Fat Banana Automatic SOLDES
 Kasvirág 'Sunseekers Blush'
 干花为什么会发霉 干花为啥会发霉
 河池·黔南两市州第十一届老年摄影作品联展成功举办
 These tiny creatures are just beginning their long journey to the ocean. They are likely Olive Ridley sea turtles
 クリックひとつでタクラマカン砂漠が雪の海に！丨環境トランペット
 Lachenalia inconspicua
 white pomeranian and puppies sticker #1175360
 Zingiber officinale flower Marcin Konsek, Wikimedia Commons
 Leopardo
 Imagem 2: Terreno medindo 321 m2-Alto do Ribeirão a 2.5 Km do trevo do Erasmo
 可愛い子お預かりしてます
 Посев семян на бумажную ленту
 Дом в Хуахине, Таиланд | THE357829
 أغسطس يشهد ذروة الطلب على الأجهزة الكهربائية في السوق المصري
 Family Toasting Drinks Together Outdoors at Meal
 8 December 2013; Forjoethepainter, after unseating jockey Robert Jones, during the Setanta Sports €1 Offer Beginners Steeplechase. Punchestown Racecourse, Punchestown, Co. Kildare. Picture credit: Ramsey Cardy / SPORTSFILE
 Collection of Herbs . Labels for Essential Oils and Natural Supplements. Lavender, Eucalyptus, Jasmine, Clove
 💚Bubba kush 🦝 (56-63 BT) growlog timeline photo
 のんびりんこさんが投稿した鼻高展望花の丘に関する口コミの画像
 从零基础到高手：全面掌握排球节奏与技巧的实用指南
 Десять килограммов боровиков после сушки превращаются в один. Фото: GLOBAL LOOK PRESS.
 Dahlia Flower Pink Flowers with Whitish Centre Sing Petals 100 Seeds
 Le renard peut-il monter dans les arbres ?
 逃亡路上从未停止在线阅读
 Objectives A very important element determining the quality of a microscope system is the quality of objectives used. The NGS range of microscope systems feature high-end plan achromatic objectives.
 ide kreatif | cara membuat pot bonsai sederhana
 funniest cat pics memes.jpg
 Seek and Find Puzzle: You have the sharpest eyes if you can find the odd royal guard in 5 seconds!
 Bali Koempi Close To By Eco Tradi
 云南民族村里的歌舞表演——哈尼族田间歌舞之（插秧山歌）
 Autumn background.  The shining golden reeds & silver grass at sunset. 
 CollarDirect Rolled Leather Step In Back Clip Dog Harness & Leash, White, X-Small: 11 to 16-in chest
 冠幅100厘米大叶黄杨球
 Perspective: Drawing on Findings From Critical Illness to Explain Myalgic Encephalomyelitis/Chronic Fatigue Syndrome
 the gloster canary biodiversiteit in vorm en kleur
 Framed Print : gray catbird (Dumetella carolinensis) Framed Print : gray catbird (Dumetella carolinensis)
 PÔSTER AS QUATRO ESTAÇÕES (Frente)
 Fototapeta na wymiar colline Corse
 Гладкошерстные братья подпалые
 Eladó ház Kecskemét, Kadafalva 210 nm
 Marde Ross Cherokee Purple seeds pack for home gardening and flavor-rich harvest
....................
WHAT IS NEEDED:
Every single line in the records above must be written out exactly.

YOUR SOLUTION:
Fat Banana Automatic SOLDES
 Kasvirág 'Sunseekers Blush'
 干花为什么会发霉 干花为啥会发霉
 河池·黔南两市州第十一届老年摄影作品联展成功举办
 These tiny creatures are just beginning their long journey to the ocean. They are likely Olive Ridley sea turtles
 クリックひとつでタクラマカン砂漠が雪の海に！丨環境トランペット
 Lachenalia inconspicua
 white pomeranian and puppies sticker #1175360
 Zingiber officinale flower Marcin Konsek, Wikimedia Commons
 Leopardo
 Imagem 2: Terreno medindo 321 m2-Alto do Ribeirão a 2.5 Km do trevo do Erasmo
 可愛い子お預かりしてます
 Посев семян на бумажную ленту
 Дом в Хуахине, Таиланд | THE357829
 أغسطس يشهد ذروة الطلب على الأجهزة الكهربائية في السوق المصري
 Family Toasting Drinks Together Outdoors at Meal
 8 December 2013; Forjoethepainter, after unseating jockey Robert Jones, during the Setanta Sports €1 Offer Beginners Steeplechase. Punchestown Racecourse, Punchestown, Co. Kildare. Picture credit: Ramsey Cardy / SPORTSFILE
 Collection of Herbs . Labels for Essential Oils and Natural Supplements. Lavender, Eucalyptus, Jasmine, Clove
 💚Bubba kush 🦝 (56-63 BT) growlog timeline photo
 のんびりんこさんが投稿した鼻高展望花の丘に関する口コミの画像
 从零基础到高手：全面掌握排球节奏与技巧的实用指南
 Десять килограммов боровиков после сушки превращаются в один. Фото: GLOBAL LOOK PRESS.
 Dahlia Flower Pink Flowers with Whitish Centre Sing Petals 100 Seeds
 Le renard peut-il monter dans les arbres ?
 逃亡路上从未停止在线阅读
 Objectives A very important element determining the quality of a microscope system is the quality of objectives used. The NGS range of microscope systems feature high-end plan achromatic objectives.
 ide kreatif | cara membuat pot bonsai sederhana
 funniest cat pics memes.jpg
 Seek and Find Puzzle: You have the sharpest eyes if you can find the odd royal guard in 5 seconds!
 Bali Koempi Close To By Eco Tradi
 云南民族村里的歌舞表演——哈尼族田间歌舞之（插秧山歌）
 Autumn background.  The shining golden reeds & silver grass at sunset. 
 CollarDirect Rolled Leather Step In Back Clip Dog Harness & Leash, White, X-Small: 11 to 16-in chest
 冠幅100厘米大叶黄杨球
 Perspective: Drawing on Findings From Critical Illness to Explain Myalgic Encephalomyelitis/Chronic Fatigue Syndrome
 the gloster canary biodiversiteit in vorm en kleur
 Framed Print : gray catbird (Dumetella carolinensis) Framed Print : gray catbird (Dumetella carolinensis)
 PÔSTER AS QUATRO ESTAÇÕES (Frente)
 Fototapeta na wymiar colline Corse
 Гладкошерстные братья подпалые
 Eladó ház Kecskemét, Kadafalva 210 nm
 Marde Ross Cherokee Purple seeds pack for home gardening and flavor-rich harvest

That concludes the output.